Internal helpers (not exported): `parse_sftp_ls()`, `filter_dated_folders()`.

**`R/erda_media.R`** -- Media file utilities:

| Function | Description |
|---|---|
| `et_filter_media_files(filenames)` | Filter to supported media extensions (jpg/jpeg/tif/tiff/mp4/mov/avi) |
| `et_exif_tags()` | Returns tag vector from `EXIF_TAGS` env var or built-in 10-tag defaults |

**`R/erda_index.R`** -- ERDA directory indexer:

| Function | Description |
|---|---|
| `et_index_dir(conn, remote_path, index_path, checkpoint_every)` | BFS traversal of remote tree -> parquet index; auto-resumes if `index_path` exists |
| `et_index_update(conn, remote_path, index_path, update)` | Re-scan all known dirs, diff against index, return `list(added, removed)`; optionally rewrite index |
| `et_index_filter(index, extensions)` | Filter index to files matching extensions; returns filtered data frame |

Internal helper (not exported): `parse_sftp_ls_la()`.

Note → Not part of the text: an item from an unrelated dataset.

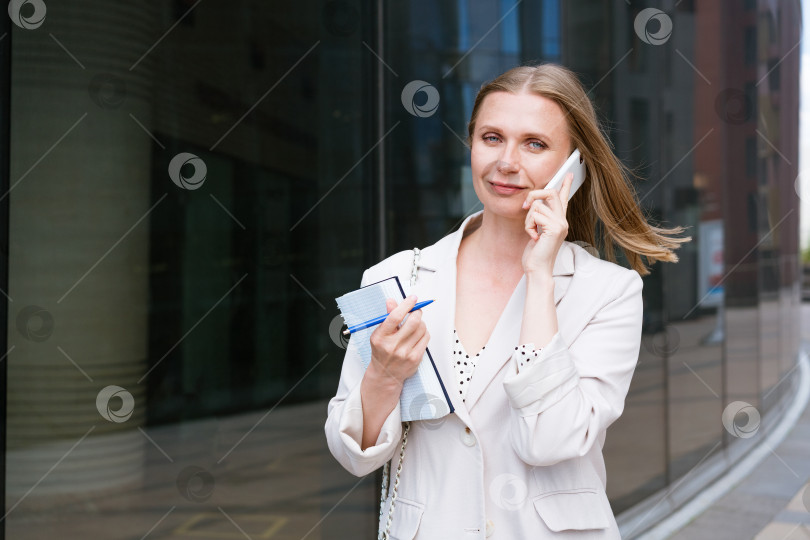 Скачать Красивая светловолосая девушка держит в руках смартфон и блокнот. фотосток Ozero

**`R/erda_http.R`** -- HTTP URL utility:

| Function | Description |
|---|---|
| `et_img_url(sharelink, remote_dir, country, folder, filename, http_base)` | Pure function: construct public anonymous URL for one image |

**`R/parse_exif.R`** -- EXIF parsing and filename utilities:

| Function | Description |
|---|---|
| `et_parse_camalien_filename(filenames)` | Parse key-value pairs from CamAlien filenames (underscore-delimited); returns tibble |
| `et_parse_ami_filename(filenames)` | Parse AMI image filenames (standalone and IoT); extracts trigger counter, timestamp, type (snapshot/motion), sequence |
| `et_group_motion_images(index)` | Group motion images into noon-to-noon sessions; adds `session_key`, `timestamp`, and `trigger` columns |
| `et_group_snapshot_images(index)` | Group snapshot images into noon-to-noon sessions; adds `session_key` and `timestamp` columns |

| `parse_detections(user_comment)` | Parse UserComment JSON into a list of per-image detection data frames |

Internal helper (not exported): `et_print_run_summary()`.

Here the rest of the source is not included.